If the battery is that good I doubt the regulator is bleeding.
The vacuum plug is on top of the carb. It (as far as I've seen) only has one. Since you dont have a CA Blast, it may be permanently plugged with a 'solid' nipple or none at all.

If it dies, then doesnt start, the LED will tell you how the ignition is working. No flash and thats probably it. The Bank Angle Sensor (BAS) can do the same thing, but its not as common and conceivably if you turn the ignition completely off and then back on it should reset the BAS (A normally functioning BAS will only reset after power is killed to the unit). As with any of the safety switches if its bad it can cut out at any time.

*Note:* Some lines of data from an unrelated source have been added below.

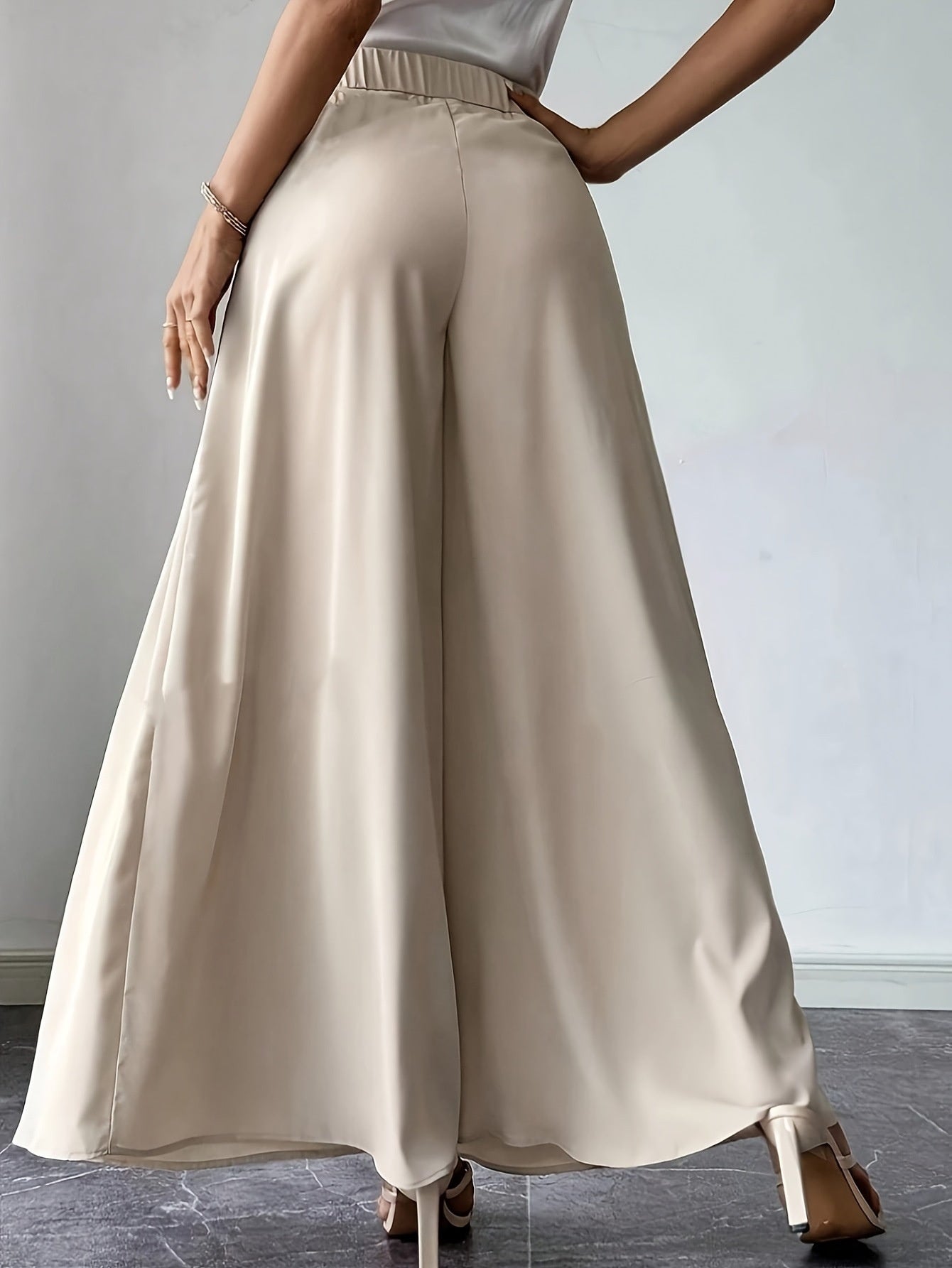 Women's High-Waist Pleated Wide-Leg Pants – Relaxed Bohemian Linen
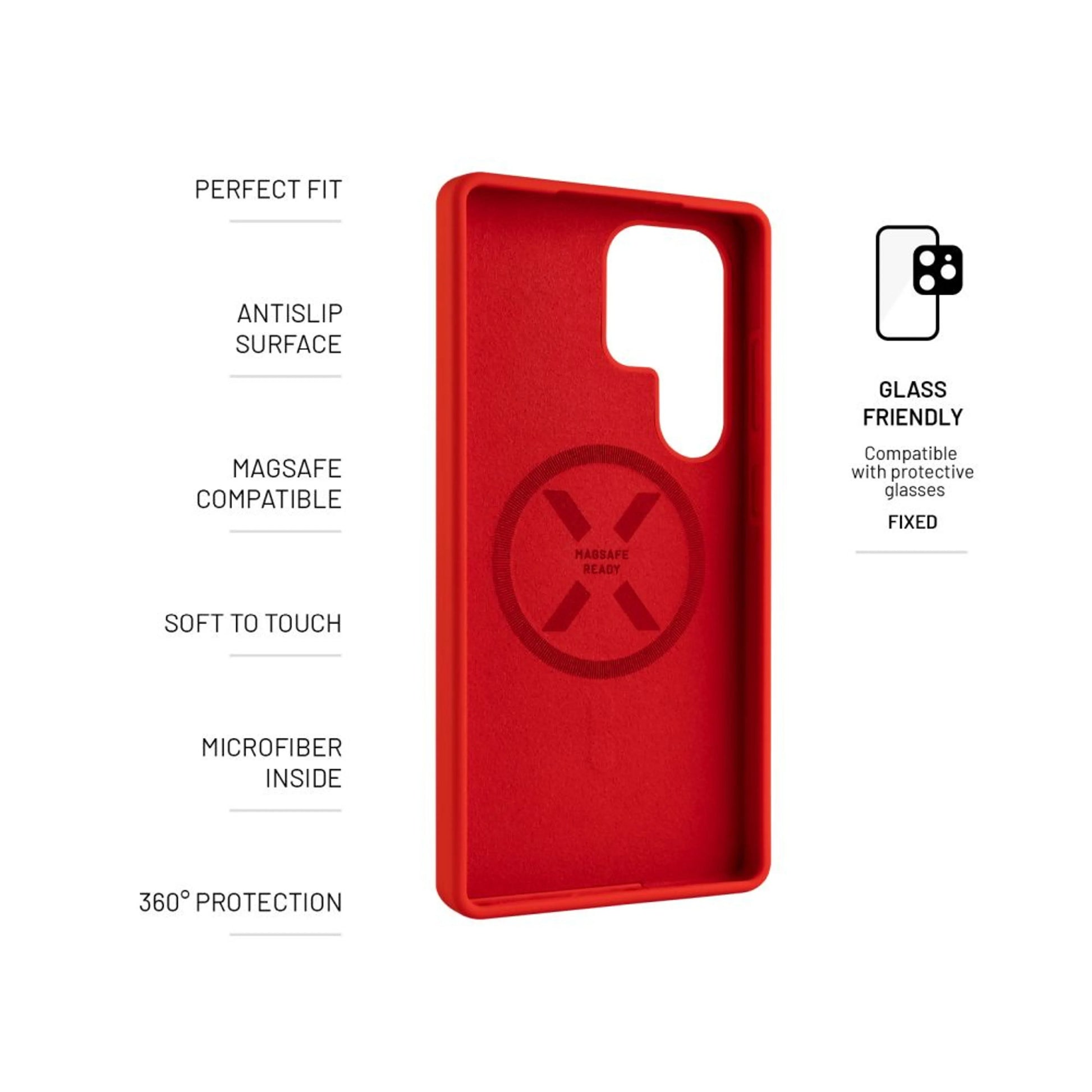 Zadní kryt FIXED MagFlow s podporou MagSafe pro Samsung Galaxy S25 Ultra, červený - FIXED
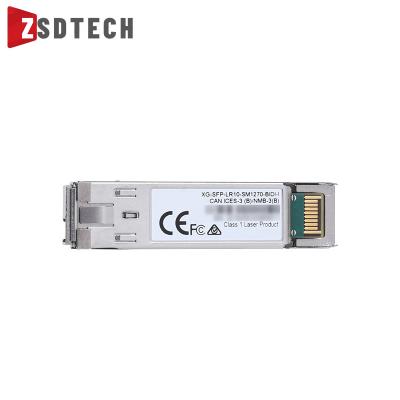 China Applicable to data center and campus networks 10G BiDi SFP+ 1270nm-TX/1330nm-RX 10-km DOM Simplex LC SMF Transceiver Module XG-SFP-LR10-SM1270-BIDI-I for sale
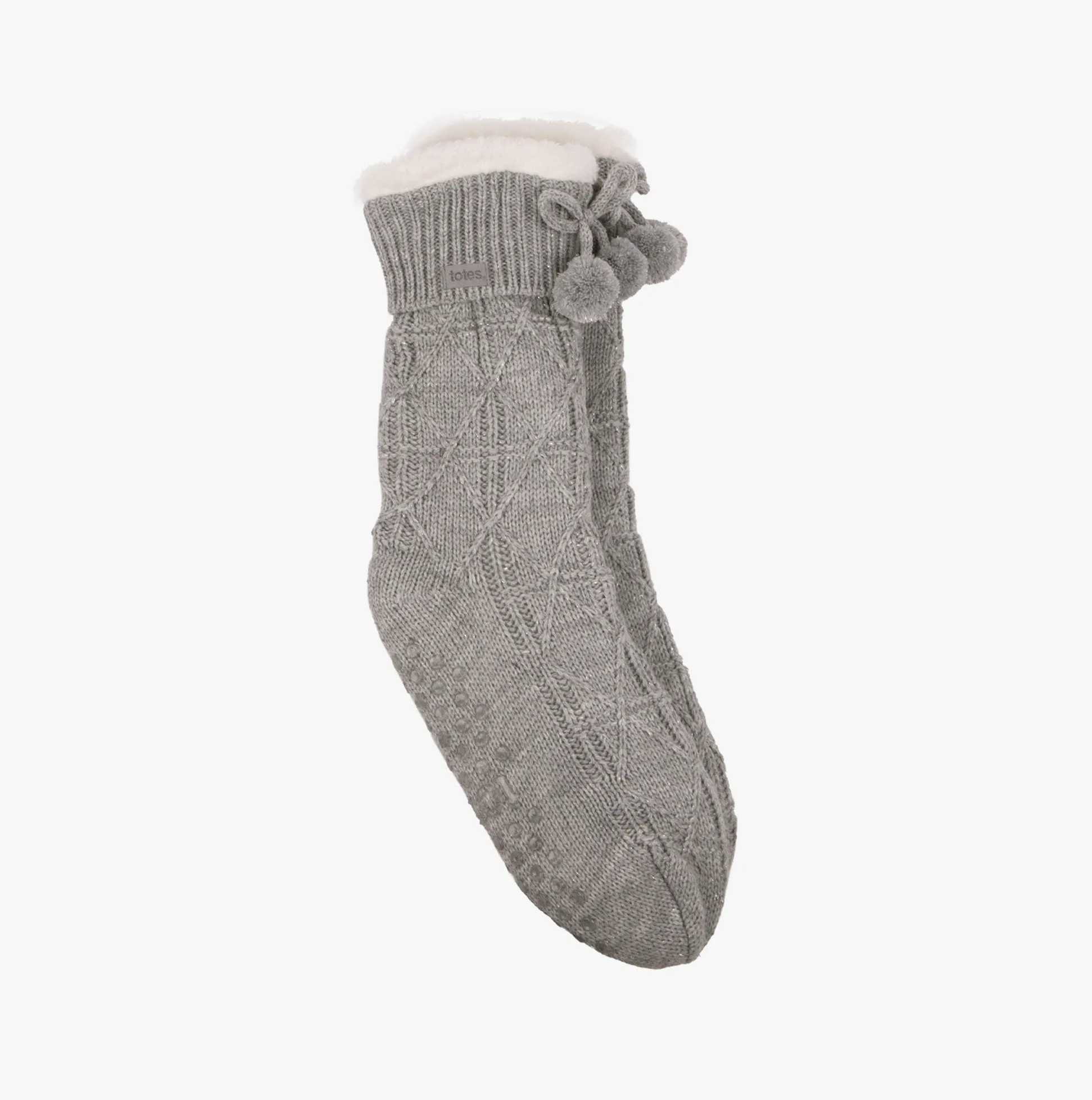 Totes Toasties TEXTURE SLIPPER Socks Womens Socks Grey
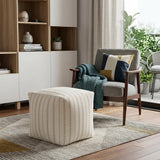 18" Beige and Ivory Cotton Blend Striped Cube Pouf Ottoman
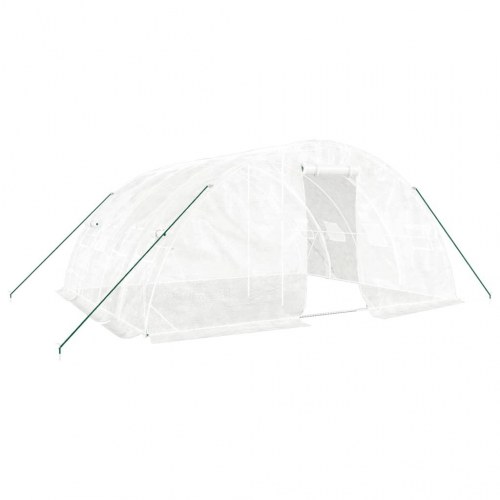 Drivhus med stålramme - hvid polytunnel 20 m² (5×4×2,3 m)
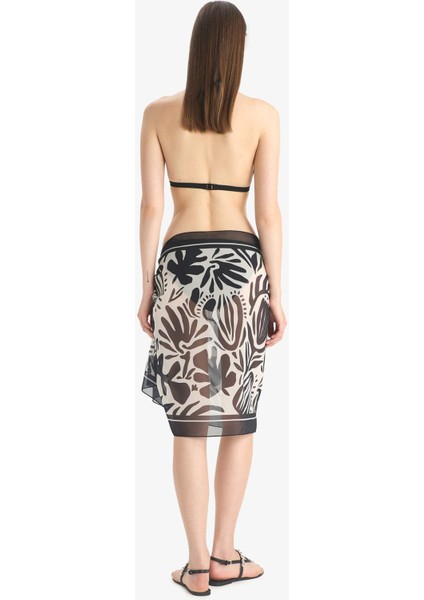 Regular Fit Desenli Şifon Pareo-Fall in Love E8218AX25HS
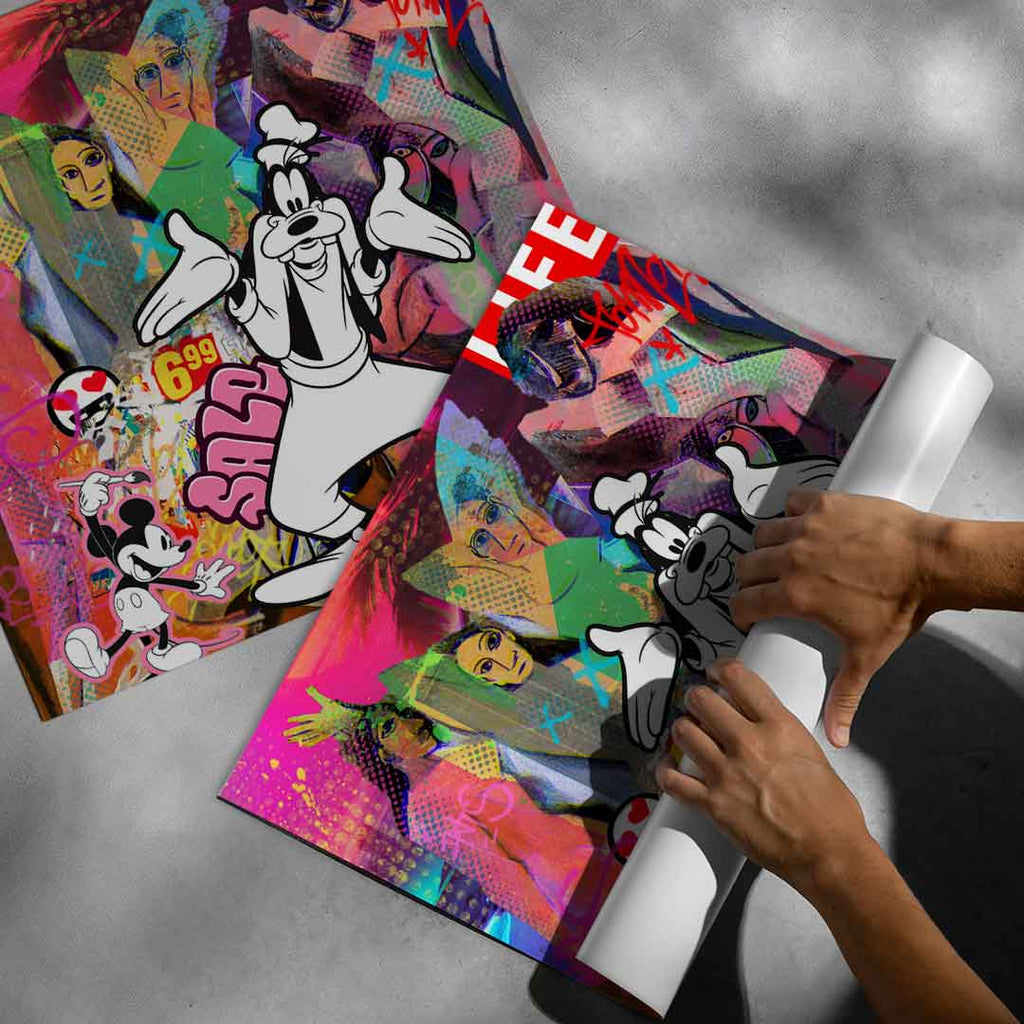 Square-format poster suitable for modern, eclectic spaces, part of Pop Graffiti collection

To bypass the kickstand switch, the 2 wires just have to be joined together (circuit completed).
Flip the clutch diode to bypass other switches also (easy and reversable)
http://www.badweatherbikers.com/buell/messages/201 64/55319.html

EZ gave you a long list. So more plausible than others, but all possible. Some things on the list should be done such as drilling out the idle screw and going to 45 (slow)/170 (main) jetting (the main may or may not be a 170 now) as well as a primary adjustment (which has probably never been done-but that would mean its loose and not too tight).

Some things are that if you havent messed with it its very unlikely to have a problem.

Reading your profile and post, I think you're familiar with diagnostic procedures!

(Message edited by Gearheaderiko on July 11, 2009)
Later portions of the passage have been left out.